From all appearances, Mr. Millican, like the truant Senator Andrew Thompson, spends most of his days in sunnier climes while living off the public payroll. On this day, however, he was only too happy to weather the winter clime to perform his duty to Department of Indian Affairs Minister Jane Stewart, and testify in support of a transnational corporation that seeks to clearcut the unceded territory of the Lubicon Cree in northern Alberta. Mr. Millican's message to the court was the standard Department of Indian Affairs position whenever land rights negotiations are going nowhere: it is the Lubicon's fault that the federal government has refused to recognize their Aboriginal and land rights.
So while Jane Stewart and AFN Chief Phil Fontaine were placing their finishing touches on the "new relationship" between Canada and Aboriginal peoples, an employee of the Department of Indian Affairs was in court trying to criminalize the interim measures the Lubicon adopted to protect their unceded lands from destructive development practices while negotiations are proceeding.

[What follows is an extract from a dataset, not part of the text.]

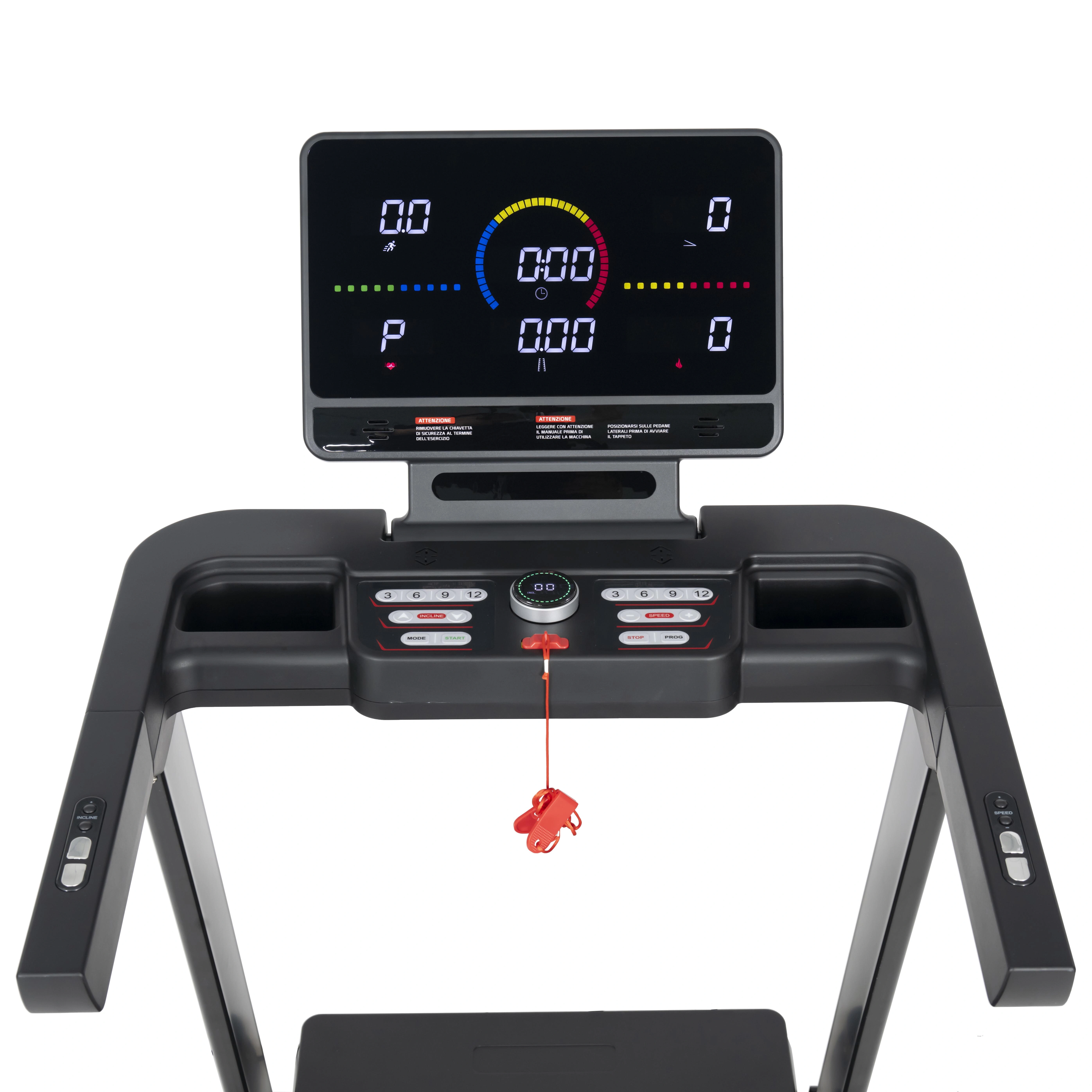 Home Professional High Power Home Gym Electric Treadmill Machine with Automatic Incline — image 6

The federal government has the fiduciary obligation to act in the most honourable fashion with Aboriginal peoples. It is most inappropiate for the chief negotiator for the federal government to prejudice the interests of the Lubicon in court while supposedly negotiating in good faith.
This development questions the sincerity of Minister Stewart's commitment on January 6, 1998 to a new relationship based on mutual respect - part of her response to the Royal Commission on Aboriginal Peoples. Mr. Millican's participation in the trial also has significant implications for everyone in Canada concerned about the environment and Aboriginal rights.
The transnational corporation Daishowa is pursuing the Friends of the Lubicon in a SLAPP (Strategic Lawsuit Against Public Participation) suit. The court case has major implications for freedom of speech and expression in Canada.
The federal government, rather than supporting its own citizens in their right to free speech and association, intervened on behalf of a transnational corporation in order to outlaw the citizens' solidarity activities. It is in this context that one can understand the concerns of people regarding the federal government's role in the secret negotiations over the Multilateral Agreement on Investment.